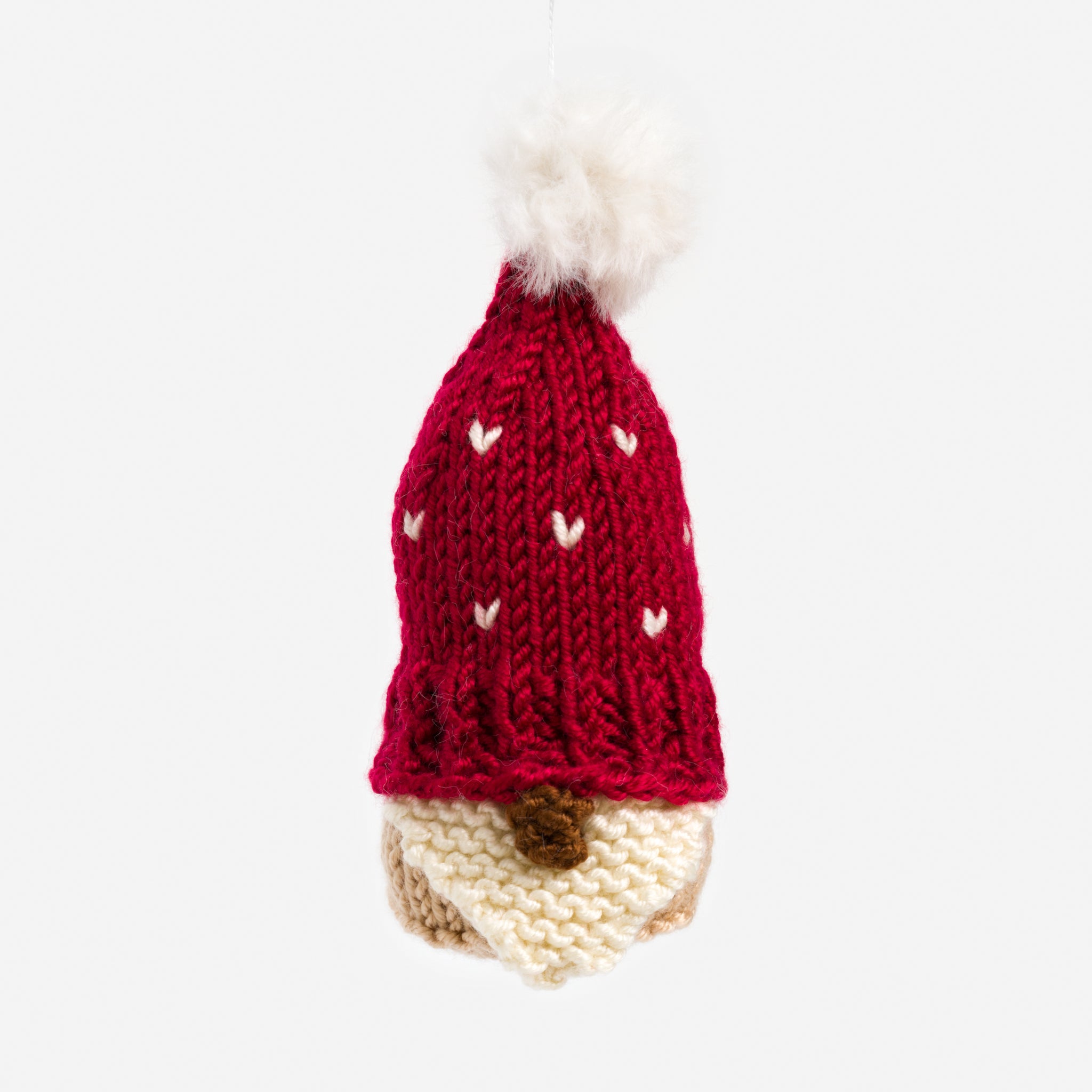 Knitted Nisse by Jeri Peeks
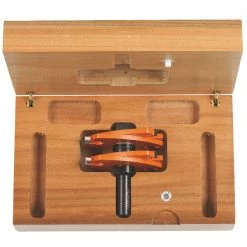 CMT Jeu De Fraise 900.628.11 Fraise à Tenonner Avec Broche 75x44,5 Tige 12 Mm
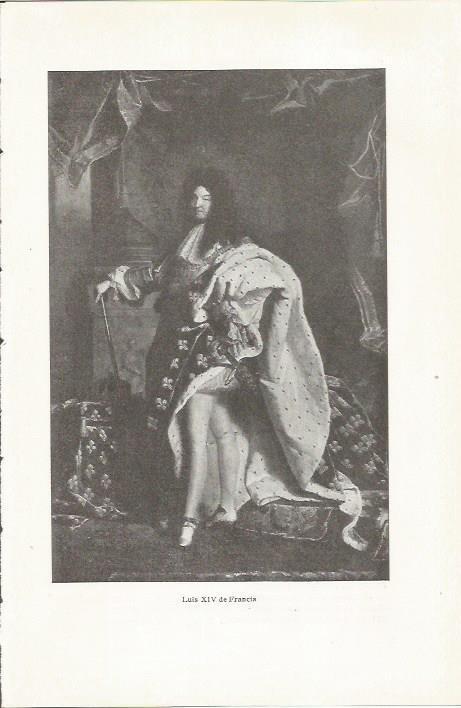 LAMINA 23869: Luis XIV de Francia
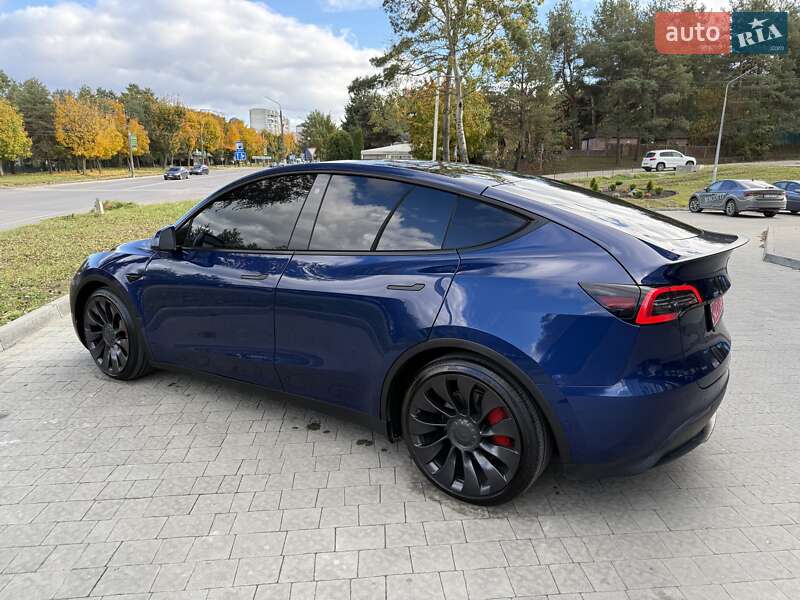 Внедорожник / Кроссовер Tesla Model Y 2021 в Львове фото Внедорожник / Кроссовер Tesla Model Y 2021 в Львове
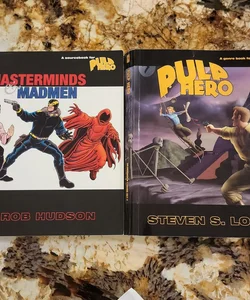 Pulp Hero ***missing pages ** Masterminds and Madmen **missing pages **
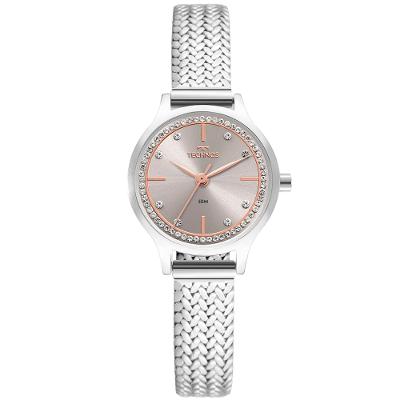 Relógio Technos Feminino Mini Prata - GL32AD/1E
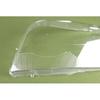 For Volvo XC90 2004-2013 Car Accessories Transparent Lampshade Headlamp Cover Lamp Shade Headlight Shell Lens Plexiglass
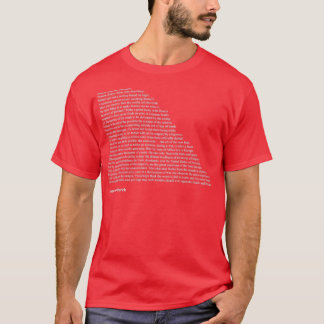 T-shirt Otto de Bismarck Quotes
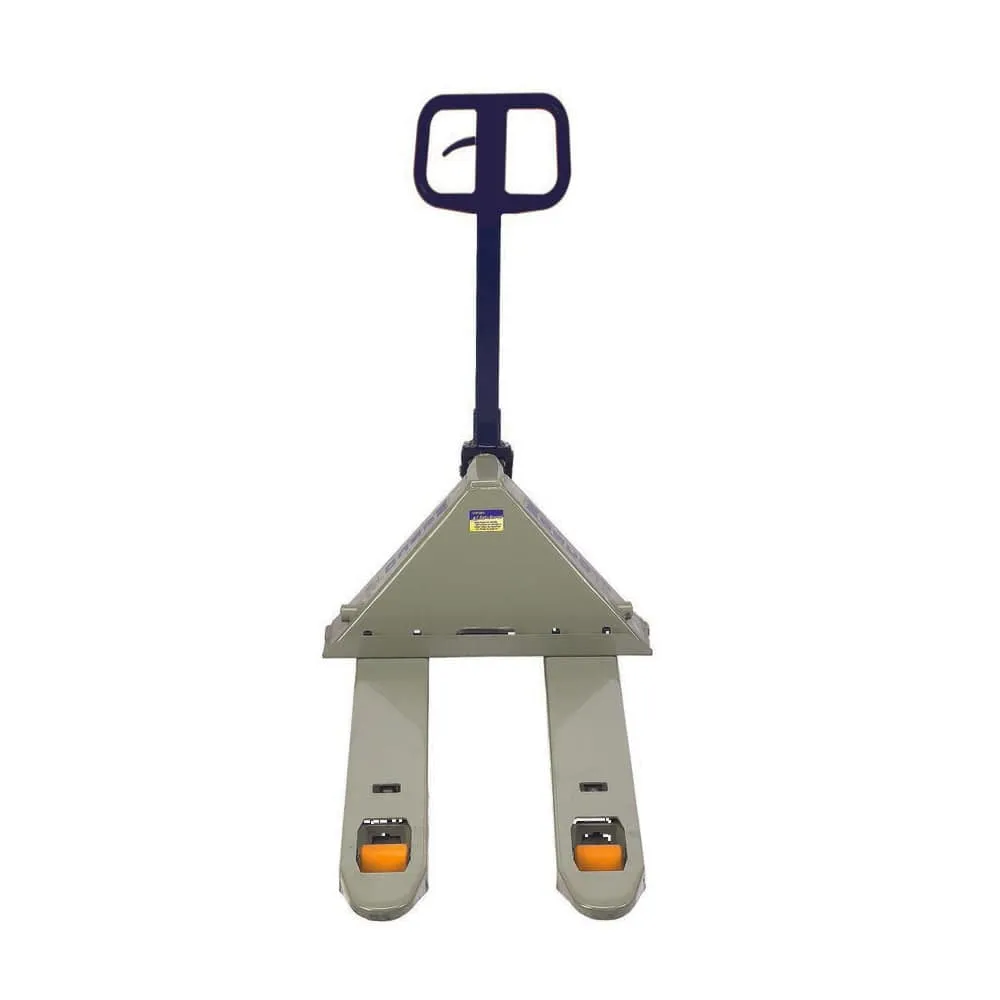 Wesco Adjustable Fork Pallet Truck - 5500 Lbs Capacity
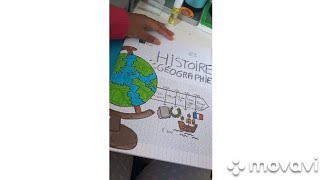 Page de garde Histoire amp Geographie avec andréadrw [upl. by Newman]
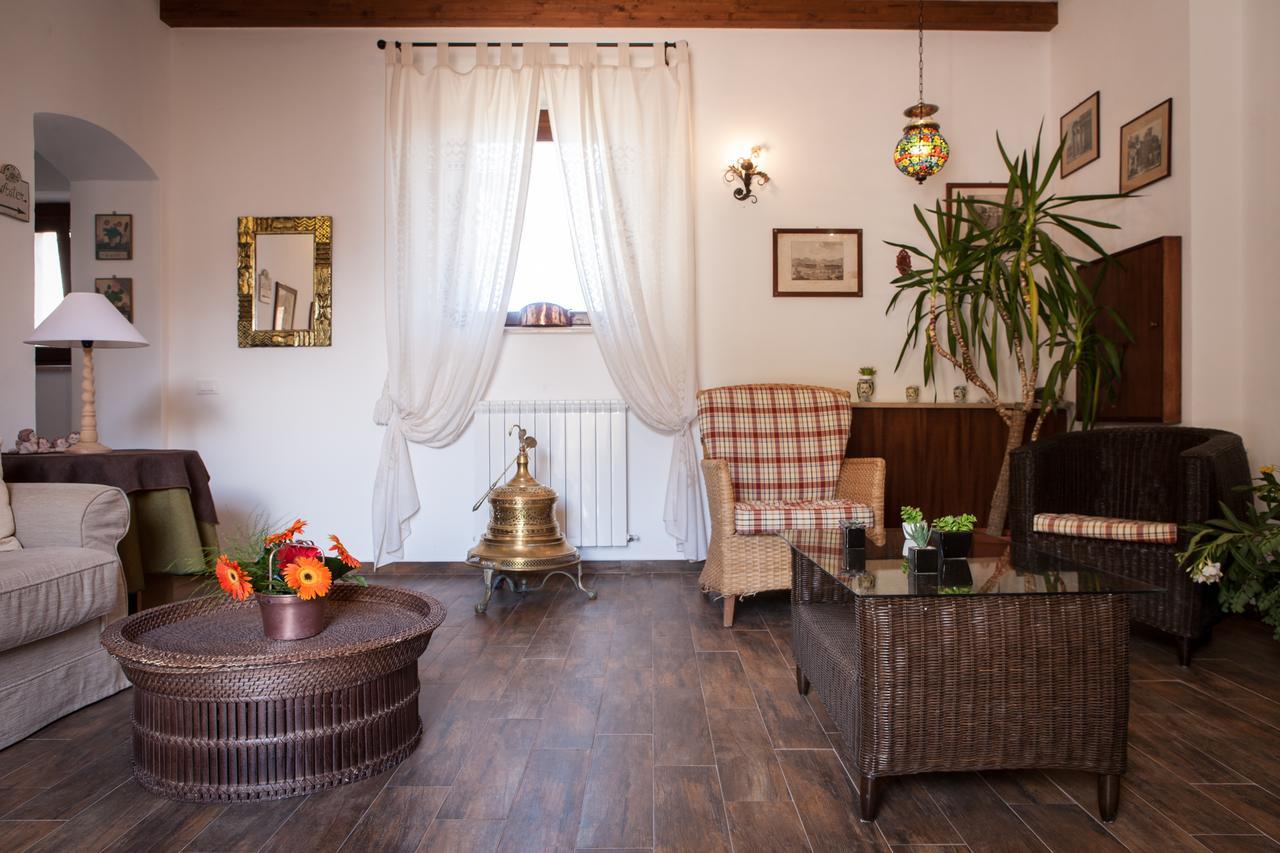 La Ferula Bed and Breakfast Scillato  Exterior foto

Exercise prompt:
Although pictures appear among the records above, none are to be output; print exactly the lines from the line containing "CMT Jeu De Fraise" through the line containing "T-shirt Otto de Bismarck Quotes".

Written answer:
 CMT Jeu De Fraise 900.628.11 Fraise à Tenonner Avec Broche 75x44,5 Tige 12 Mm
 LAMINA 23869: Luis XIV de Francia
 Внедорожник / Кроссовер Tesla Model Y 2021 в Львове фото Внедорожник / Кроссовер Tesla Model Y 2021 в Львове
 Pulp Hero ***missing pages ** Masterminds and Madmen **missing pages **
 Relógio Technos Feminino Mini Prata - GL32AD/1E
 For Volvo XC90 2004-2013 Car Accessories Transparent Lampshade Headlamp Cover Lamp Shade Headlight Shell Lens Plexiglass
 T-shirt Otto de Bismarck Quotes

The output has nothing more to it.